=== INSTRUCTIONS TO FOLLOW ===
Within the material below, transcribe exactly the lines from the one holding "A student participates in adaptive PE." through the one holding "a bathroom with", keeping both ends and skipping the rest.

=== LISTED RECORDS ===
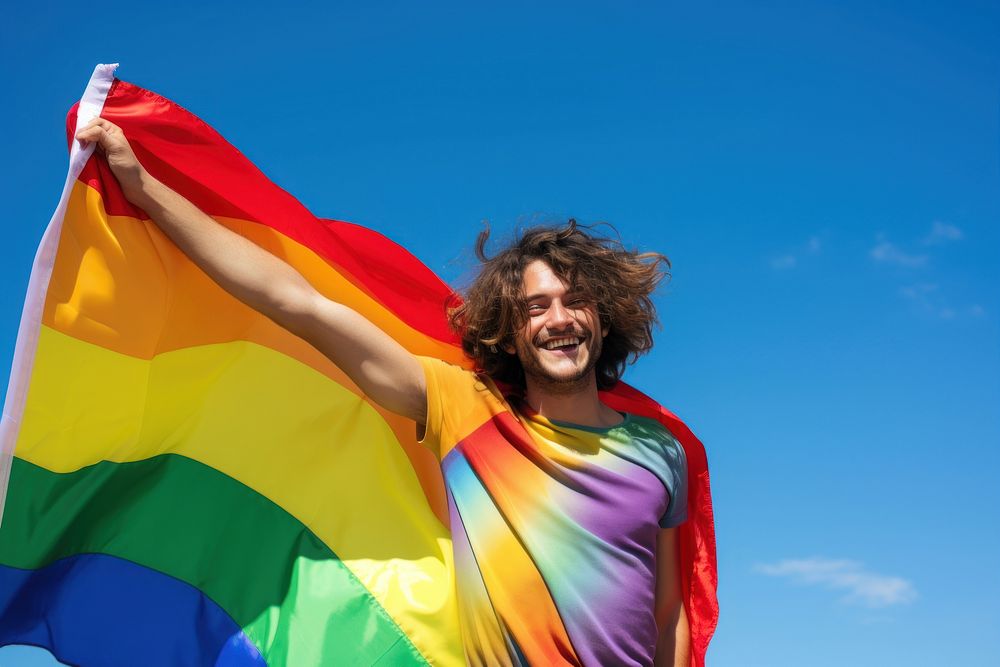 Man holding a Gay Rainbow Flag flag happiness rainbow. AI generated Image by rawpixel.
...
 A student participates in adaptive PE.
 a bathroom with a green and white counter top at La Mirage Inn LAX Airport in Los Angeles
--
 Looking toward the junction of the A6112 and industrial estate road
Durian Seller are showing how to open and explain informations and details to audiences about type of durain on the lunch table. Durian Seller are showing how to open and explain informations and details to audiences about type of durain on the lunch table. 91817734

=== ANSWER SPACE ===
 A student participates in adaptive PE.
 a bathroom with a green and white counter top at La Mirage Inn LAX Airport in Los Angeles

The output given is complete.